• _Data to use_
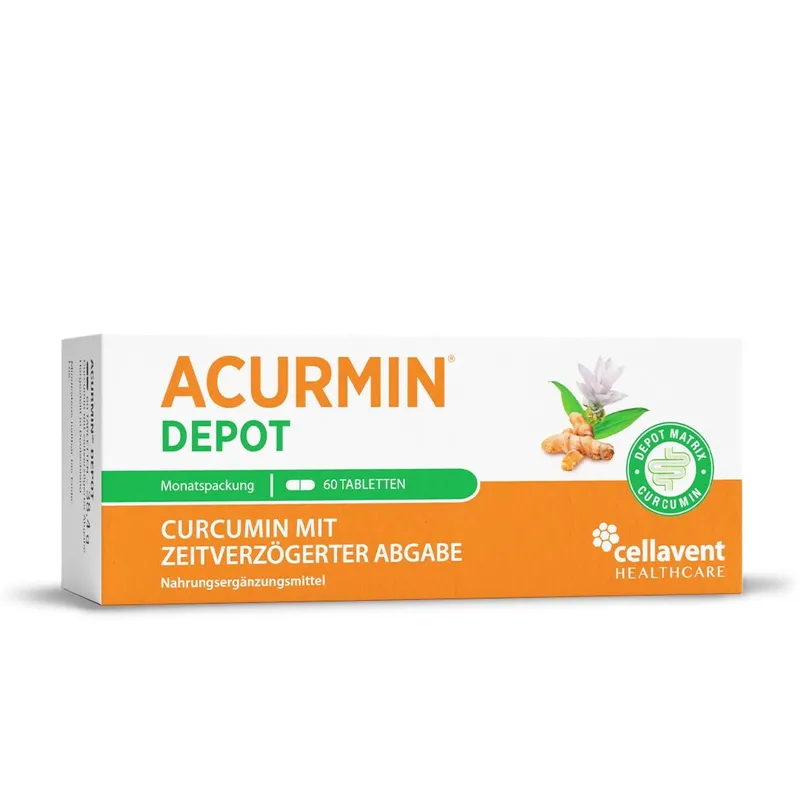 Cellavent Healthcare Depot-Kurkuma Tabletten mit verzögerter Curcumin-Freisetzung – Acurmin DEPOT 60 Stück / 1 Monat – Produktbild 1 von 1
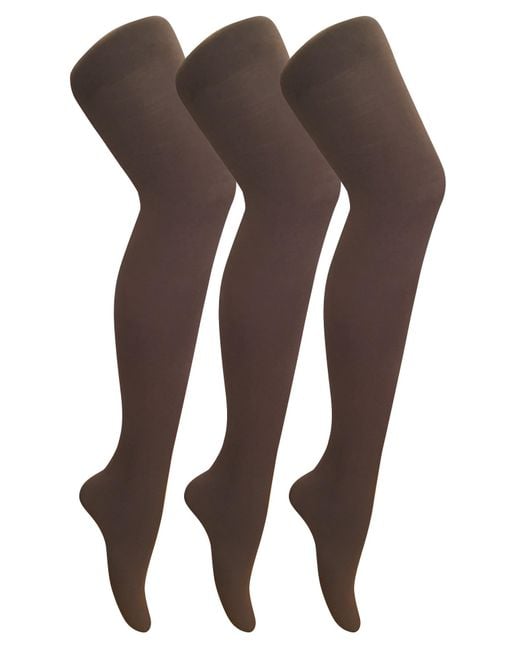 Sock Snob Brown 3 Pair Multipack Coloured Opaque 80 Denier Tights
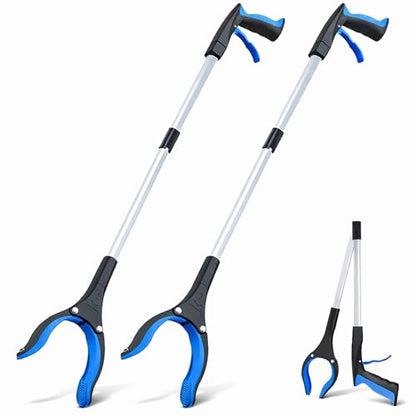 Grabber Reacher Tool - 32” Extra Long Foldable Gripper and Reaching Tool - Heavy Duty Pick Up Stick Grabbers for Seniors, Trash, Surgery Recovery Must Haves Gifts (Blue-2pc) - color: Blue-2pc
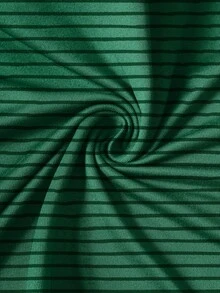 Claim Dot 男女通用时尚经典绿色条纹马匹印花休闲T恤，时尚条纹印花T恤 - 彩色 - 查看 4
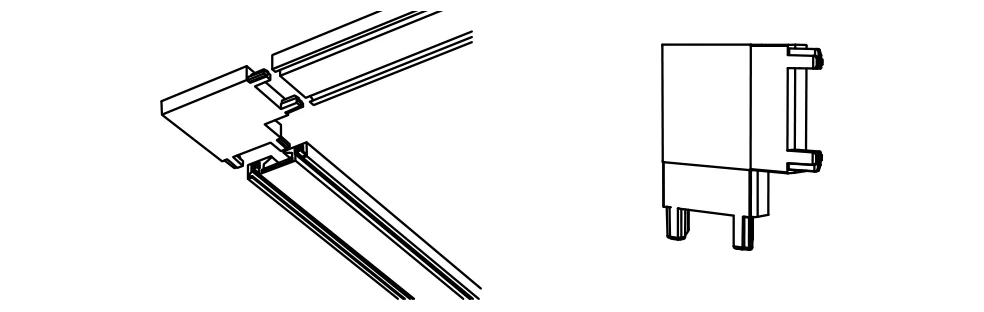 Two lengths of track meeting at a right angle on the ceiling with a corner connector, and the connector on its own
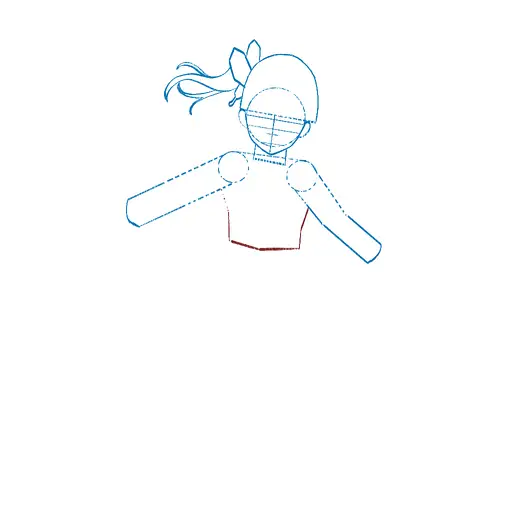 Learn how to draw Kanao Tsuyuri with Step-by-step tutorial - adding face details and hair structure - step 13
--
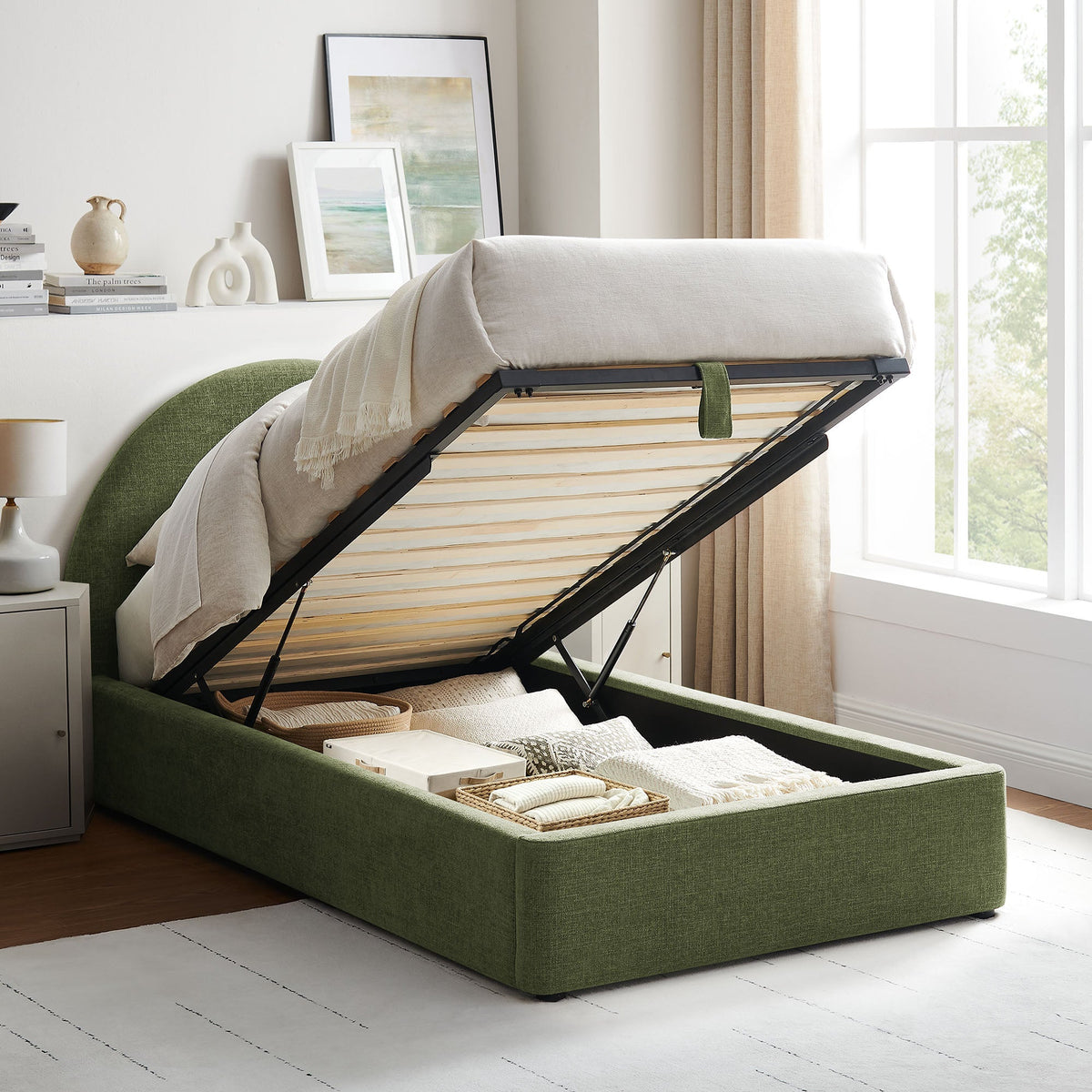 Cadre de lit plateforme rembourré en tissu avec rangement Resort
* * *
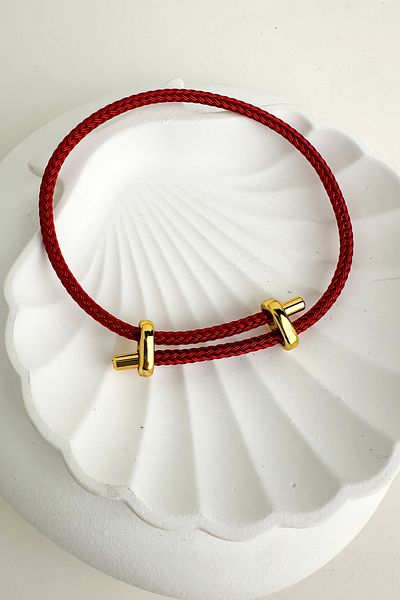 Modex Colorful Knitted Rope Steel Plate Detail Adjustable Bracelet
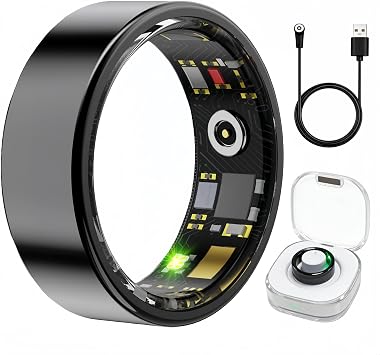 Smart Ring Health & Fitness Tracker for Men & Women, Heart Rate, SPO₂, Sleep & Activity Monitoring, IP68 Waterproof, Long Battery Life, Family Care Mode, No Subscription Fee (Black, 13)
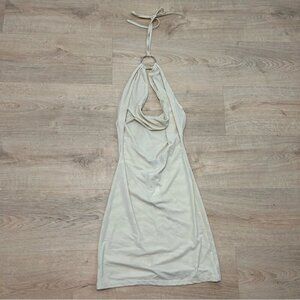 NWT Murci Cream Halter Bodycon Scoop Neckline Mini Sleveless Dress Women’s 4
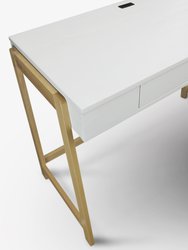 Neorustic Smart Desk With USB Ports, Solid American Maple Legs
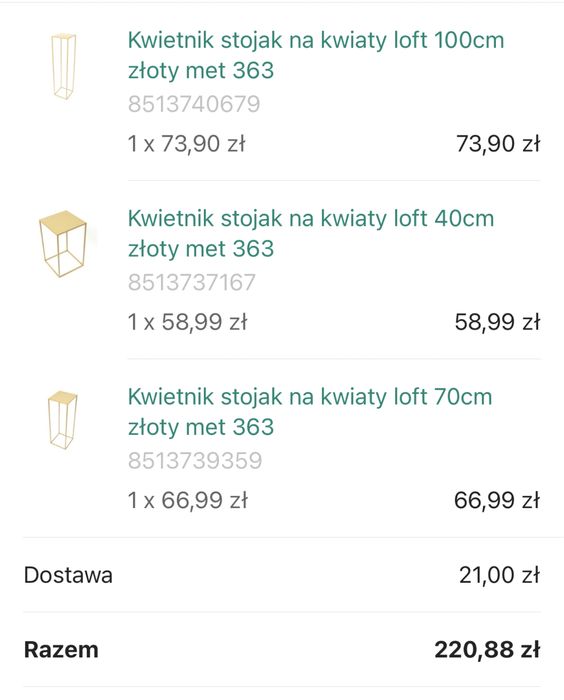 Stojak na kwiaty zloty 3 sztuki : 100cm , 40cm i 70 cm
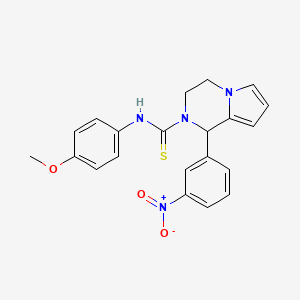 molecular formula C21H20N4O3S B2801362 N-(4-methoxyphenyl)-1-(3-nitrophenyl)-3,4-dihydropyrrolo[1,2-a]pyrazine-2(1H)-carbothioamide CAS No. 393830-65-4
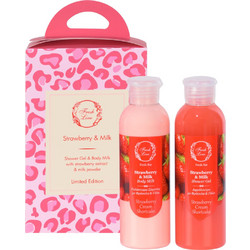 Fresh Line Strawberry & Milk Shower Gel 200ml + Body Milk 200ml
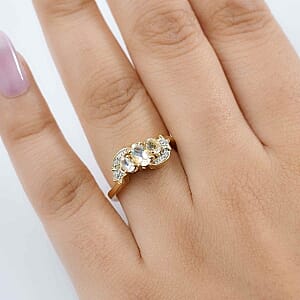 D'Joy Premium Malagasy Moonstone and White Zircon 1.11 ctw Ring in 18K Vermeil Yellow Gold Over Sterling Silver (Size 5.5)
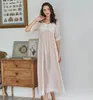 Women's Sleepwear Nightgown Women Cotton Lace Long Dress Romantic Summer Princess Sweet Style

• _Instructions for the task_
Pictures excluded, give again exactly and only the lines of the material above from the line with "Cellavent Healthcare Depot-Kurkuma" through the line with "Learn how to".

• _Response area_
 Cellavent Healthcare Depot-Kurkuma Tabletten mit verzögerter Curcumin-Freisetzung – Acurmin DEPOT 60 Stück / 1 Monat – Produktbild 1 von 1
 Sock Snob Brown 3 Pair Multipack Coloured Opaque 80 Denier Tights
 Grabber Reacher Tool - 32” Extra Long Foldable Gripper and Reaching Tool - Heavy Duty Pick Up Stick Grabbers for Seniors, Trash, Surgery Recovery Must Haves Gifts (Blue-2pc) - color: Blue-2pc
 Claim Dot 男女通用时尚经典绿色条纹马匹印花休闲T恤，时尚条纹印花T恤 - 彩色 - 查看 4
 Two lengths of track meeting at a right angle on the ceiling with a corner connector, and the connector on its own
 Learn how to draw Kanao Tsuyuri with Step-by-step tutorial - adding face details and hair structure - step 13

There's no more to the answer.